Skip to main content



In Re Eight Bulls, LP

439 B.R. 370 (D. N.J. 2010)

BANKRUPTCY; DEEDS — Since a bankruptcy’s trustee’s status as a bona fide purchaser whose interest is perfected as of the filing date of the bankruptcy petition, the trustee has a superior interest in the properties to persons whose deeds are recorded after the bankruptcy filing or who hold unrecorded deeds.

A limited partnership owned three lots of real property. They were subject to sale for unpaid taxes pursuant to a state court order. The debtor filed a bankruptcy petition and obtained the benefit of an automatic stay of the state court action.
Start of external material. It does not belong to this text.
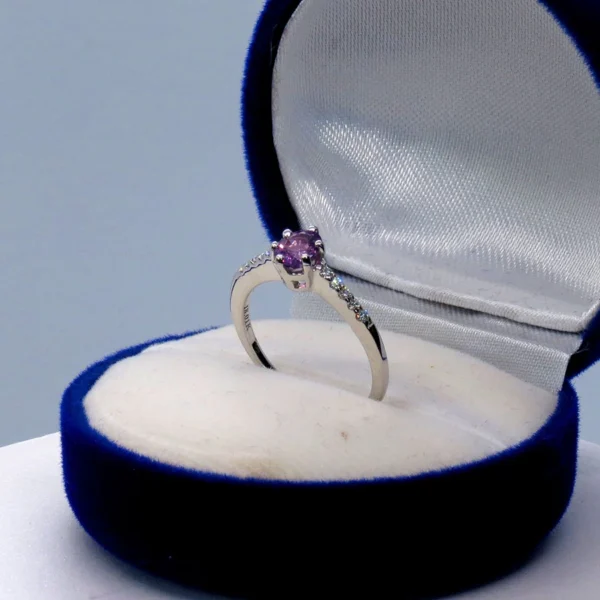 Elegant Handmade Purple Sapphire and Diamond Ring in 18K White Gold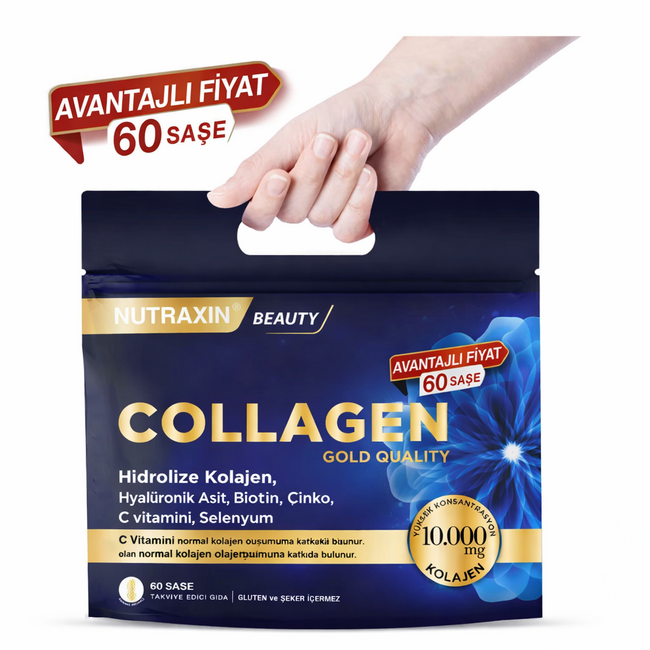 Nutraxin   Collagen Gold Quality 60 Saşe 10.000 mg Tip 1 & Tip 3 Hidrolize Kolajen – Hyalüronik Asit, Vitamin C, Çinko İçeren Ananas Aromalı Avantajlı Çanta Set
In the bankruptcy filing, the debtor claimed ownership of all three lots. Nearly a year after the filing, the bankruptcy trustee made a motion to sell the three lots. The debtor’s sole surviving partner and his wife challenged the trustee’s power to sell the properties. They claimed that they owned the properties even though the properties were listed in the bankruptcy petition as owned by the debtor.

In support of their position, the partner produced a recorded deed dated nearly three years earlier. The deed, however, was recorded nearly one year after the bankruptcy filing. He also produced an unrecorded deed that preceded the bankruptcy filing. It conveyed the third lot to his wife. In further support of their position, the partner and his wife pointed to a state court litigation regarding an easement dispute in which the court, in its list of undisputed facts, noted that the properties were owned by them and not by the partnership.
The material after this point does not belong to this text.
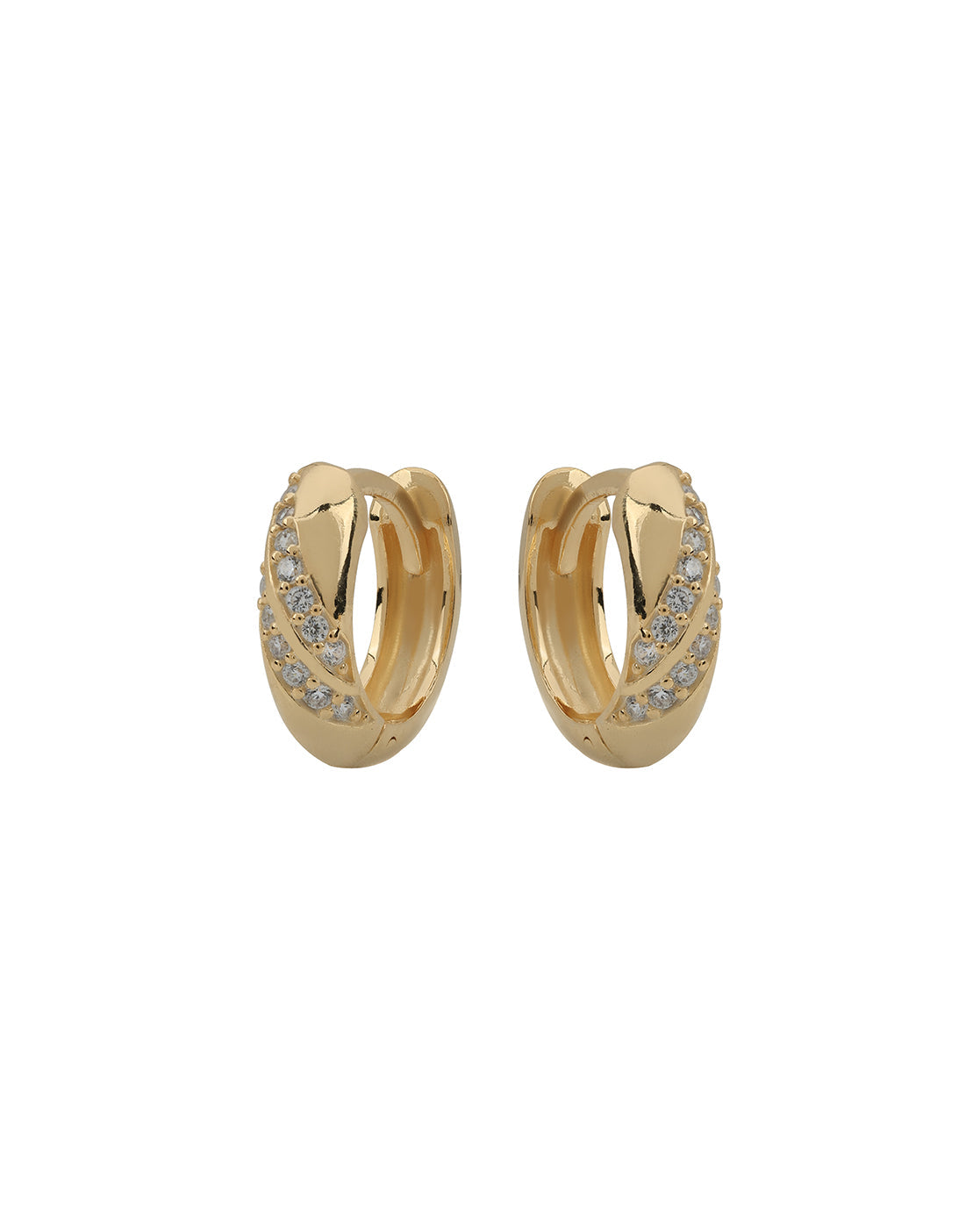 18kt Gold Plated CZ Criss Cross Mini Hoop Earrings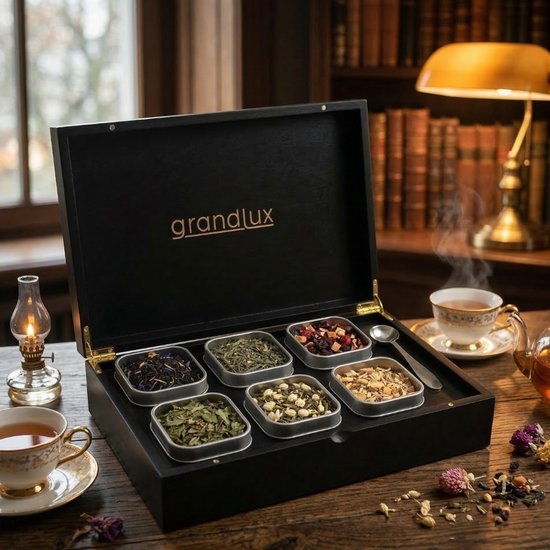 Zwarte Grandlux theedoos met losse thee in een sfeervolle leeskamer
The trustee moved for summary judgment and the Bankruptcy Court granted it. Pursuant to the Bankruptcy Code, 11 U.S.C. 544(a)(3), a bankruptcy trustee is permitted to void any transfer of a debtor’s property that would be voidable by a bona fide purchaser of real property. Pursuant to New Jersey’s race-notice recording statute, a bona fide purchaser without notice has a superior interest to a holder of an unrecorded deed as long as the bona fide purchaser perfected its interest before the unrecorded deed holder did. However, pursuant to the bankruptcy code, a bankruptcy trustee does not have to have knowledge in order to void a transfer. So, whether the trustee had actual knowledge of an unrecorded deed was immaterial. The bankruptcy code treats the trustee as if it had no knowledge. The trustee maintains the status of a bona fide purchaser without notice which is perfected as of the filing date of the bankruptcy petition. Therefore, the only question is that of perfection. If the trustee perfects its interest in the property before the unrecorded deed holder did, then the trustee can void that transfer. Since the trustee’s status as a bona fide purchaser whose interest is perfected as of the filing date of the bankruptcy petition, the trustee had a superior interest in the properties that trumped the partner’s interest (whose deed was recorded nearly a year after the bankruptcy filing) and that of his wife (whose deed was unrecorded).

The Court also rejected the partner and his wife’s other arguments that since a state court found them to be owners of the property, the bankruptcy court was bound by that determination under the Rooker-Feldman doctrine. In doing so, the Court noted that the doctrine only applies to state court losers complaining of injuries suffered in state court judgments that were decided before a United States District Court proceedings commenced. In this case, the bankruptcy trustee was not a state court loser because he was not involved in the title dispute and therefore the doctrine did not bar the trustee from claiming its interest in the properties.